İkinci konu ise bankadan, borsadan para kazanmak için değil; gerçekten fabrika, işyeri kurmak için gelen doğrudan yabancı yatırımlarla ilgili. Ekonomik büyümenin kaynak ihtiyacını karşılayan doğrudan yabancı sermayenin Türkiye’ye girişi dikkat çekici boyutlarda yavaşladı. Türkiye’ye 2011’de 16 milyar dolar yabancı sermaye gelmiş buna karşılık Türk işadamları da yurtdışına 2.3 milyar dolarlık yatırım yapmış. 2012’de ise Türkiye’ye gelen doğrudan yatırım 12 milyar dolar olurken yurtdışına giden yatırım iki kat artarak 4 milyar dolara ulaşmış.
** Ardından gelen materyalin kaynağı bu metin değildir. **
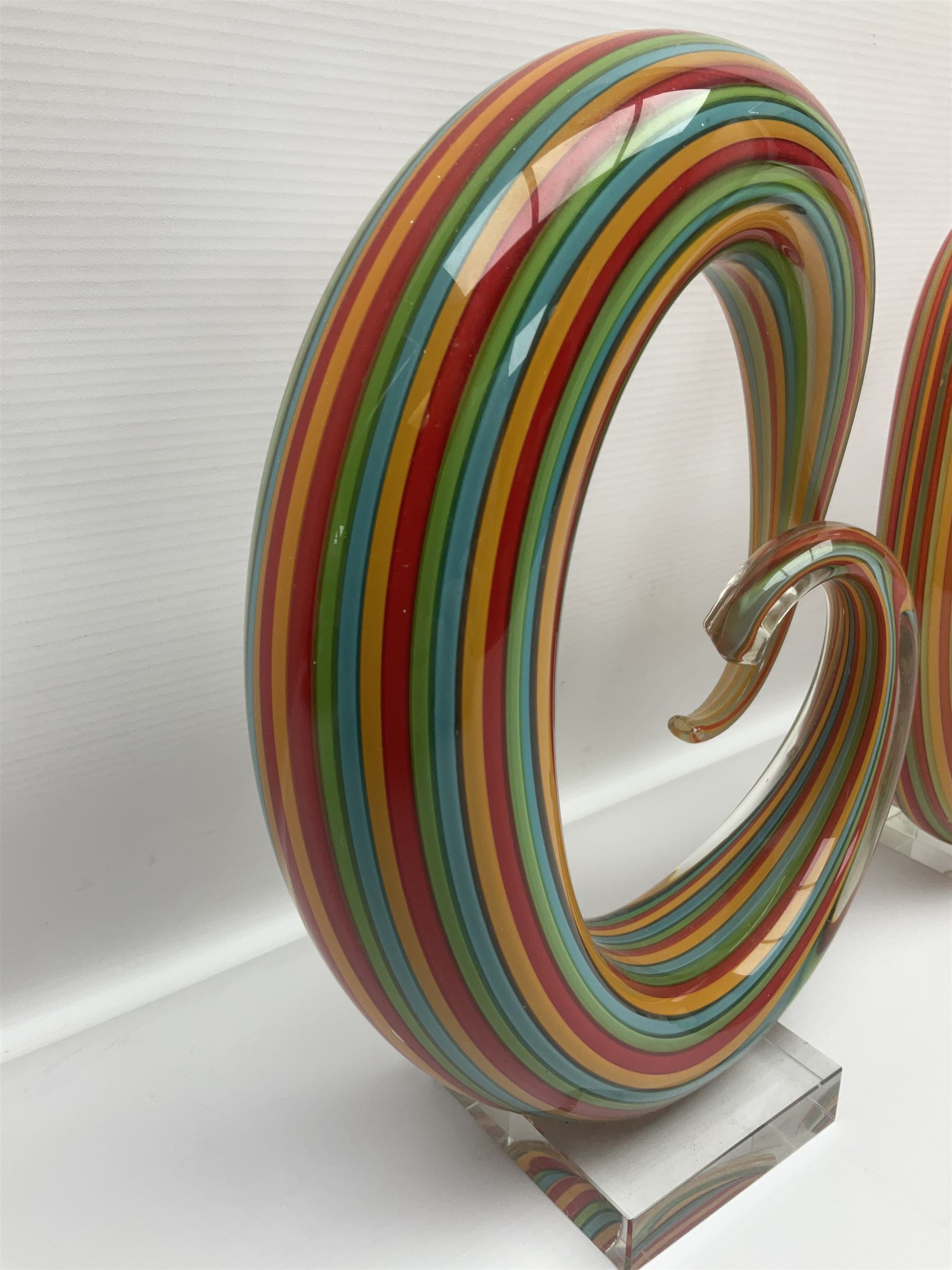 Three art glass sculpture, coiled form with multicolour stranded, upon clear glass plinth, unsigned, largest H27cm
Bu durumda gelen yabancı yatırım miktarı yüzde 40 azalmış. Daha da önemlisi, bu rakamlar Türkiye’nin cari açığının yüzde 80’ini sıcak para ile finanse ettiğini gösteriyor. Ve Financial Times haklı olarak, “Şu anda Batılı ülkelerde gevşek para politikası uygulandığı için Türkiye’ye para akışı var. Ama yarın sıkı para politikasına dönülüp para akışı yavaşlarsa ne olacak?” diye soruyor. Aynı konuya ESİAD Başkanı Bülent Akgerman da, Bakan Babacan’ın katıldığı toplantıda küresel ekonomik krizin ekonominin yeniden yapılandırılması için bir fırsat verdiğini ama en büyük yanlışın rehavete kapılmak olduğuna işaret ederek dikkat çekiyordu.
Bugün çarklarının büyük ölçüde sıcak parayla döndüğü anlaşılan Türk ekonomisinde bir güven bunalımında neler yaşanacağını insan düşünmek bile istemiyor. Türkiye’yi de içine çekebilecek bölgesel savaş, bir siyasi kriz gibi beklenmedik olaylar tüm dengeleri alt üst edebilir.
Cari açık bombası üzerinde oturan Türkiye, bu açığı azaltacak ekonomik yapıyı sağlamlaştırmak aldığı tedbirleri hızlandırmak zorunda. Cari açık tehlike olmaktan çıkıncaya kadar da dış siyaset başta olmak üzere her adımını
çok dikkatli atıp uluslararası
piyasalarda güven bunalımı
yaratmamalı. Aksi hüsran olur.
Usta parmaklar
CAZ Festivali’nin ilginç konukları var bu yıl. Kolombiyalı arp sanatçısı Edmar Castaneda ve arkadaşları sıra dışı bir konser verdi hafta sonu. Arpın caz müziğinde bu kadar güzel kullanılabileceğini hiç tahmin edemezdim. Castaneda’nın parmaklarının ustalığını tarif etmek ise mümkün değil. Merak edenler İKSEV’in sitesine girip filmini izlesinler ne demek istediğim çok daha iyi anlaşılır.
Rengarenk tişörtü ve şapkasıyla çok da sempatik bir kişi olan dünyaca ünlü arp ustası pek çok sanatçı gibi İzmir’i öve öve bitiremedi. Kahve ülkesi Kolombiya’dan gelen sanatçının Türk kahvesine bayılması ise ayrı bir güzellikti.
Uluslararası nitelikte kültür ve sanat festivaline sahip olması İzmir’in en önemli zenginliklerinden biri. Hele bu festivallerden birinin İzmir-Avrupa Caz Festivali’nin 20 yaşına gelmesi, Uluslararası İzmir Festivali’nin ise çeyrek asra ulaşıp geçen yıl 25’inci yılını kutlaması ise çok daha anlamlı.
Festival için İzmir’e dünyanın dört bir yanından Kolombiya’dan, Japonya’dan, New York’tan gelip dünyanın dört bir yanına giden sanatçıların olumlu izlenimleri milyonlarca dolarlık tanıtım bedeline denk. İzmirliler festivallerine sahip çıktıkça hem ayaklarına kadar gelen dünyanın en ünlü sanatçılarını izlemeye devam edecek hem de İzmir’in dünya markası bir kent olma hayallerine bir adım daha yaklaşmış olacak.